__Captioned web images__
==================================================

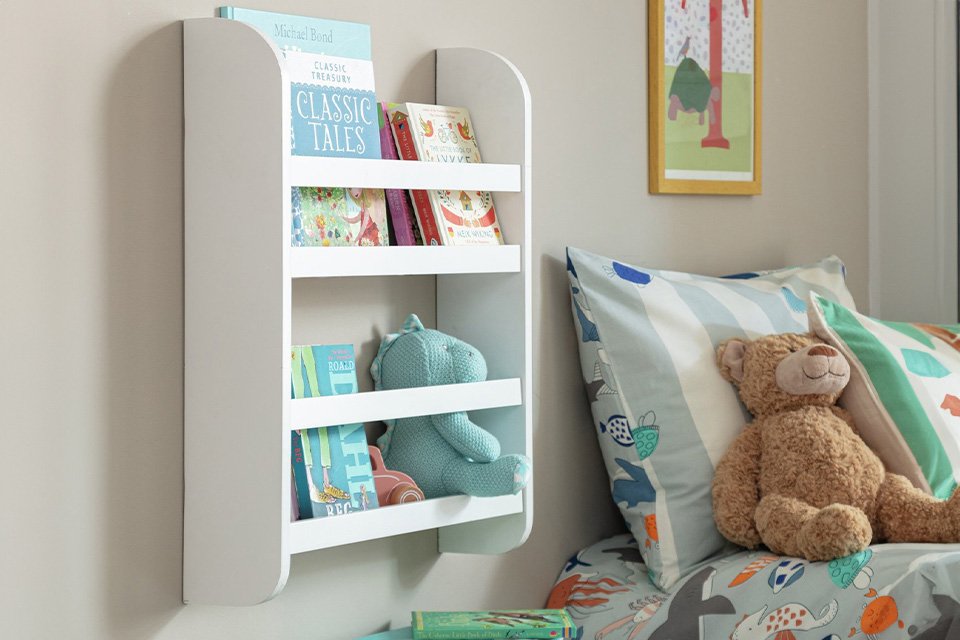 Habitat Kids Scandinavia Wall Mounted Mini Shelf - White.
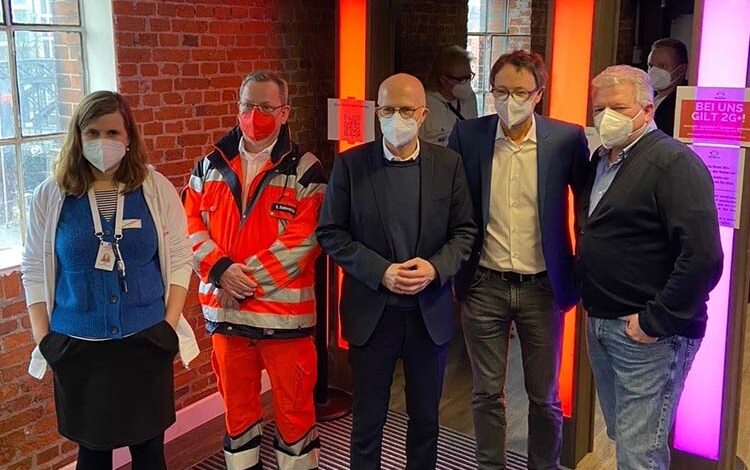 Tschentscher besucht DRK-Testzentrum in der Speicherstadt
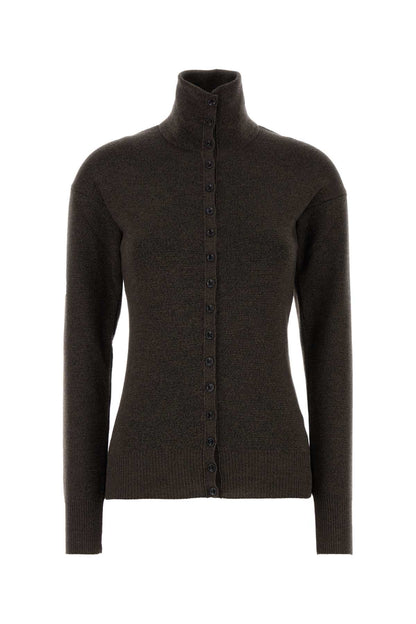 BUTTONED TOP KNITWEARS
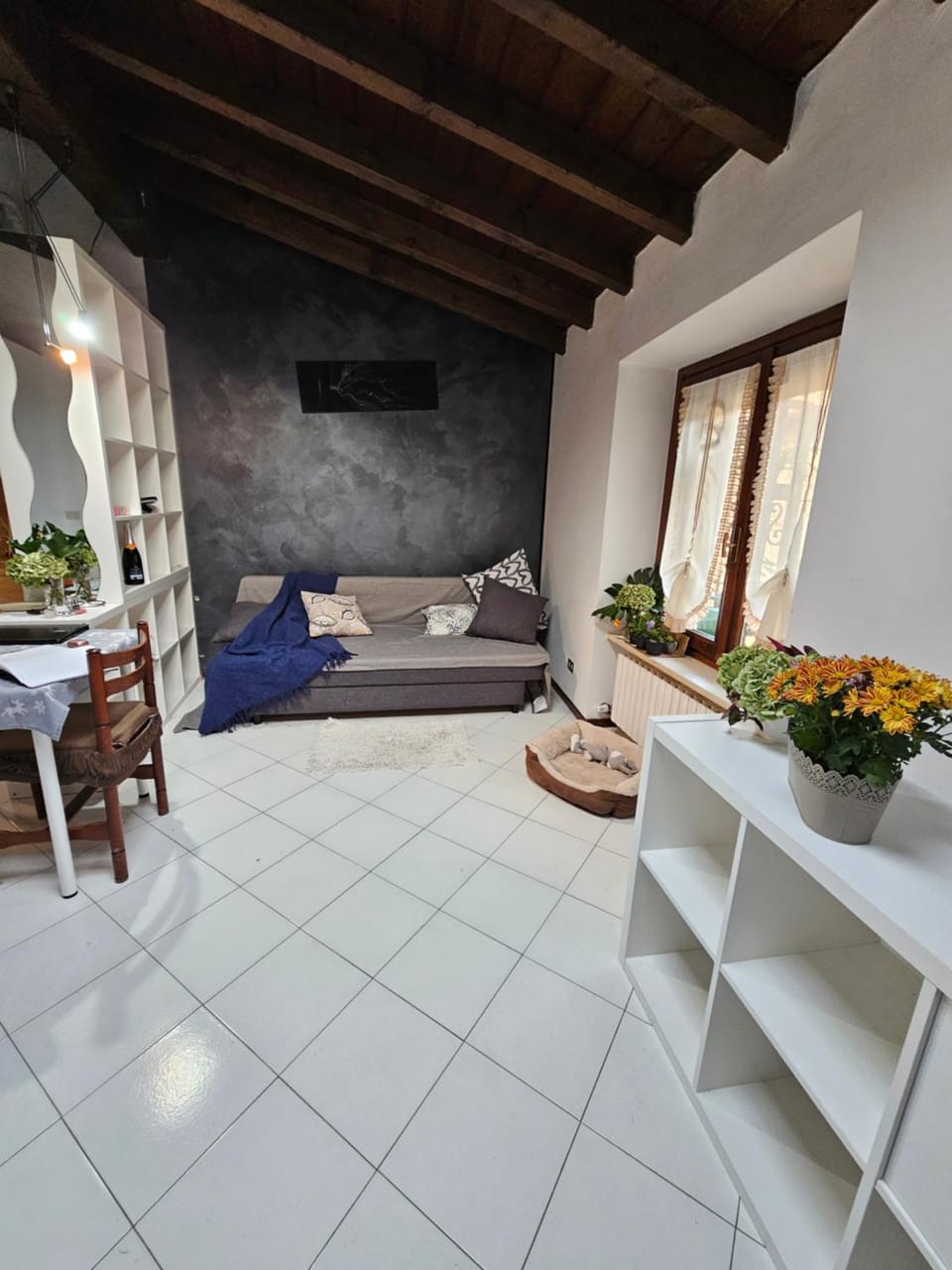 Living room, Photo of the whole room, Seating area, Dining area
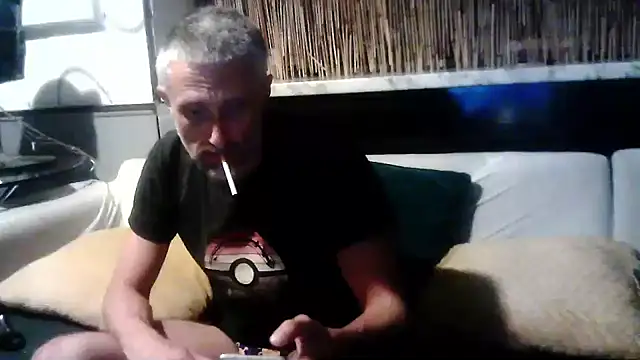 Snapshot of unclestefansdick chatting on 8, 9, 2025 unclestefansdick online show from 8, 9, 2025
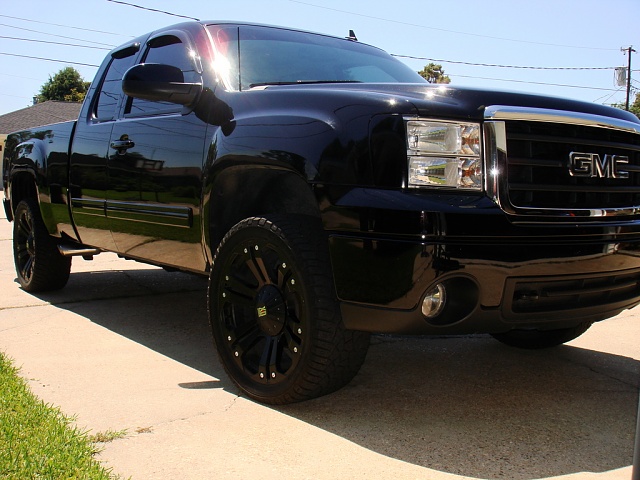 2009 GMC Sierra 2500HD photo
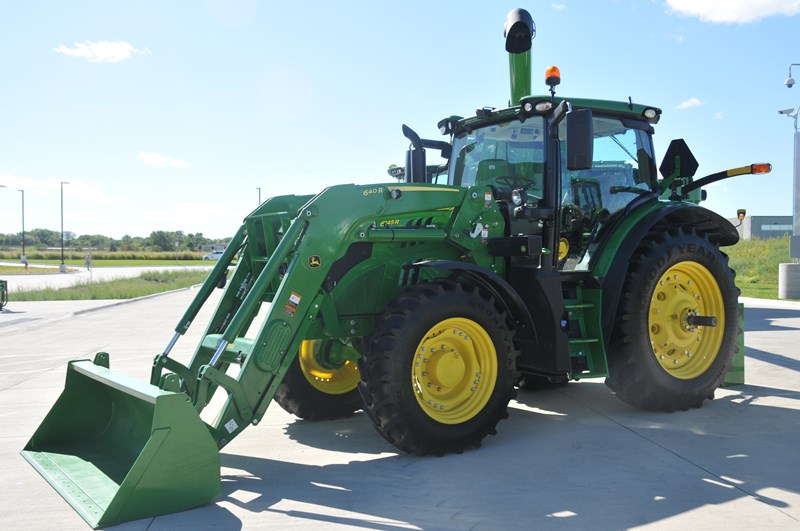 John Deere Unveils Broad 2016 Lineup AgWeb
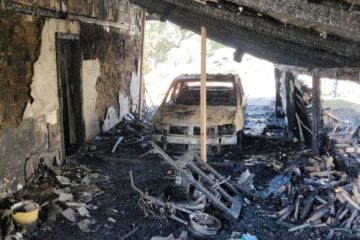 Flacarile au izbucnit de la autoturismul parcat in garajul de langa casa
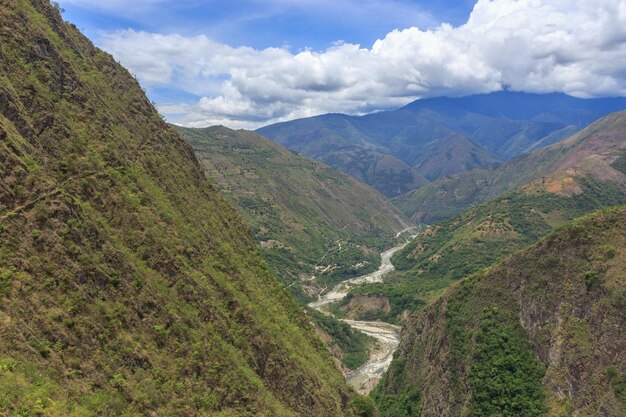 Foto la vista panoramica delle montagne contro il cielo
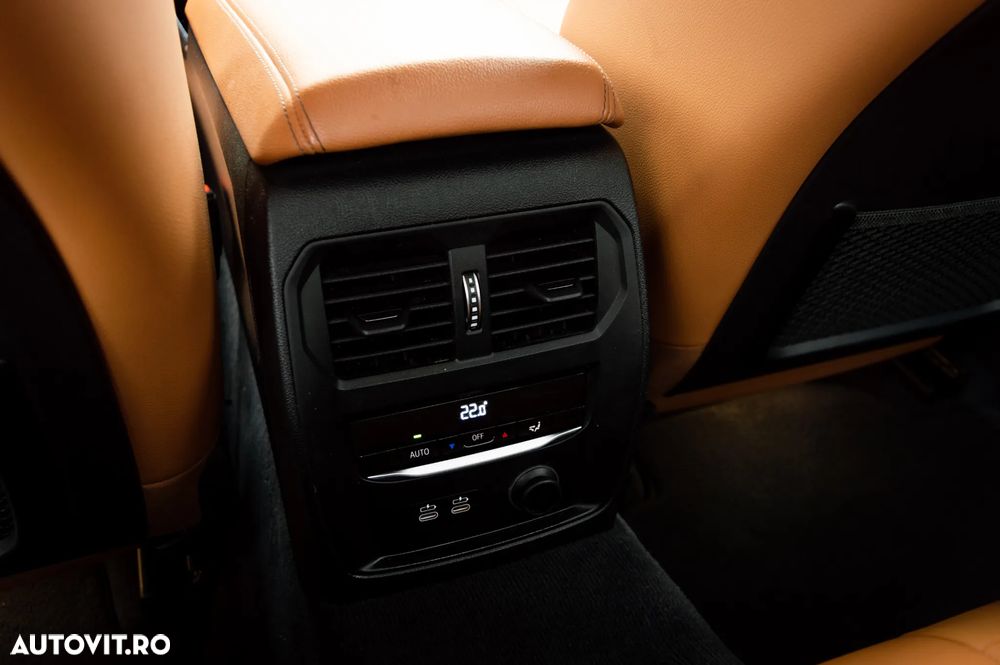 BMW Seria 3 318d Sport Line - 16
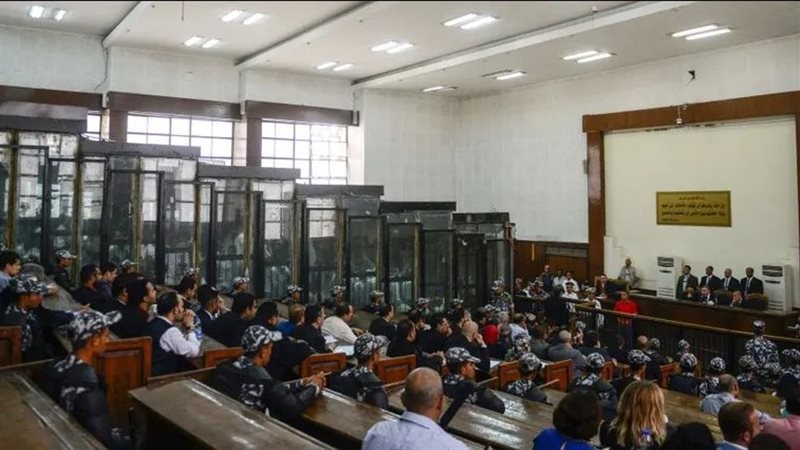 محاكمة متهمين أرشيفية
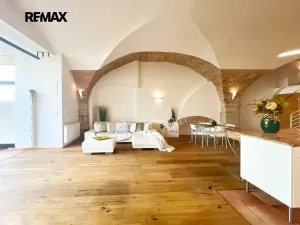 Prodej bytu 1+kk, Škvorec, Tyršova, 97 m2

==================================================

__PROBLEM__
Every line from the one containing "2009 GMC Sierra 2500HD photo" through the last line of the data is to be retyped exactly, with nothing added and no pictures included.

__OUTPUT FOR THIS TASK__
 2009 GMC Sierra 2500HD photo
 John Deere Unveils Broad 2016 Lineup AgWeb
 Flacarile au izbucnit de la autoturismul parcat in garajul de langa casa
 Foto la vista panoramica delle montagne contro il cielo
 BMW Seria 3 318d Sport Line - 16
 محاكمة متهمين أرشيفية
 Prodej bytu 1+kk, Škvorec, Tyršova, 97 m2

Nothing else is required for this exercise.